▼▼▼

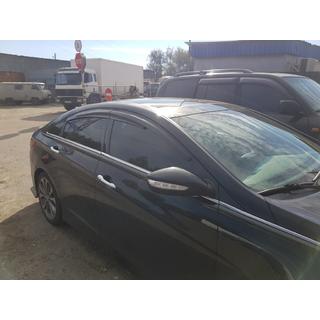 Deflektory Okien (4 szt., Sunplex Sport) Hyundai Sonata YF 2010-2014 zdjęcia 4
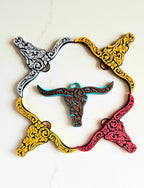 3d Print Tooled Longhorn Keychain or Purse Charm Ornament - Made in America - choice of colors - Qu!rk Boutique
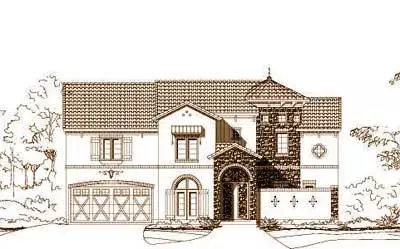 Mediterranean house plans 19-1215 - front exterior, 4,602 sq ft, 4 bed, 3 bath house plans | Monster House Plans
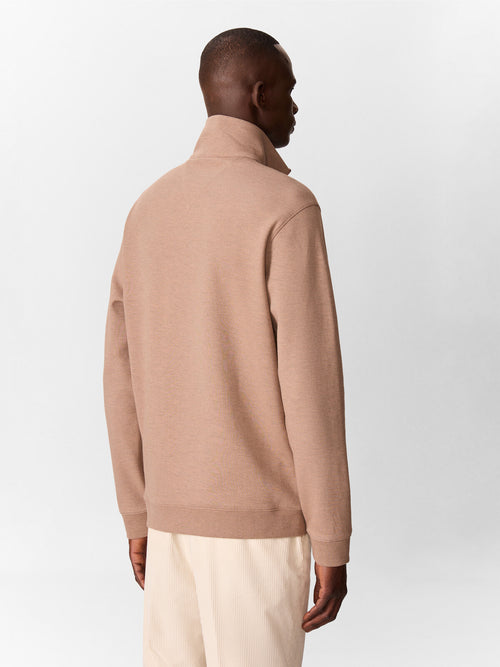 Polo manches longues regular en coton mélangé marron - 2 - Father & Sons   - 11 
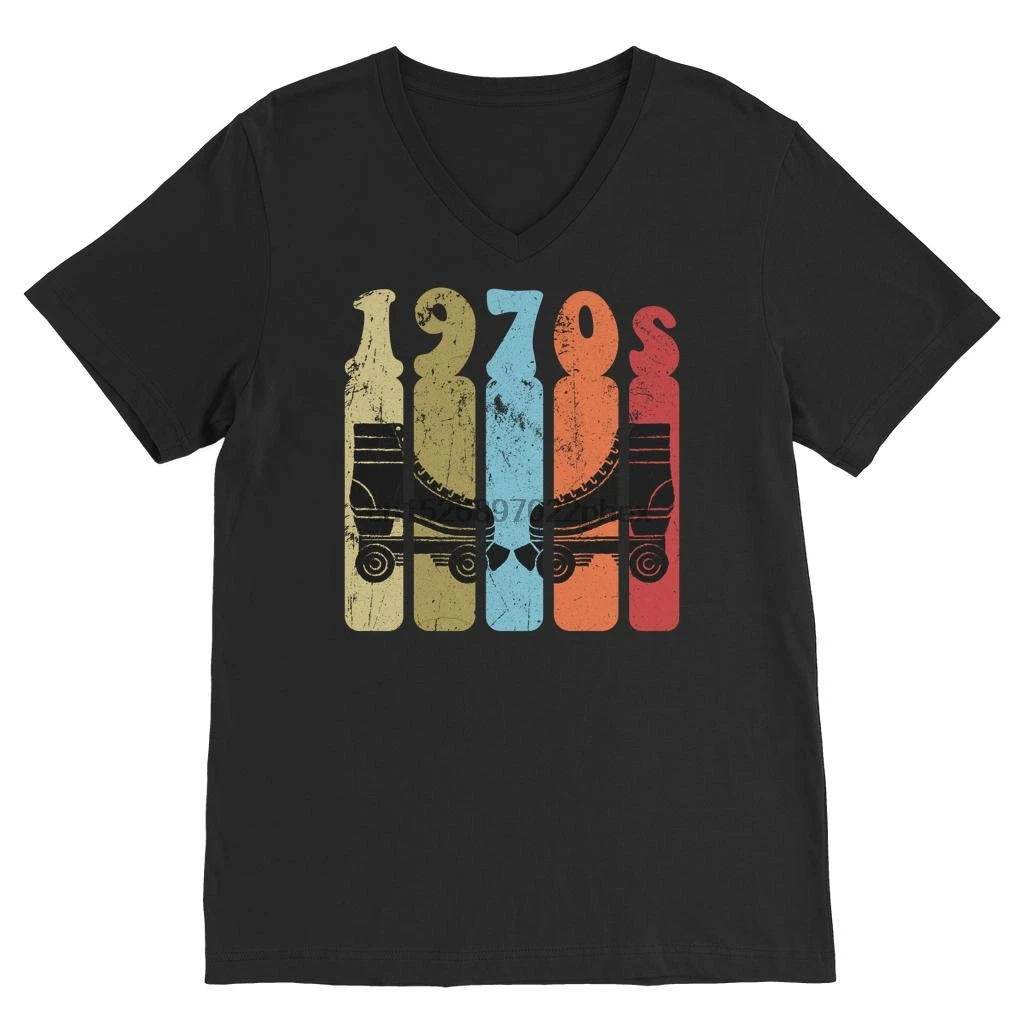 Roller Skates 70s Disco Derby Retro Vintage Worn Classic V-Neck T-Shirt men t shirt | Мужская одежда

▲▲▲

**DIRECTIONS**
From the line containing "Mediterranean house plans" down to the final line of the records above, restate every line word for word, add nothing, and skip the pictures.

**YOUR SOLUTION**
 Mediterranean house plans 19-1215 - front exterior, 4,602 sq ft, 4 bed, 3 bath house plans | Monster House Plans
 Polo manches longues regular en coton mélangé marron - 2 - Father & Sons   - 11 
 Roller Skates 70s Disco Derby Retro Vintage Worn Classic V-Neck T-Shirt men t shirt | Мужская одежда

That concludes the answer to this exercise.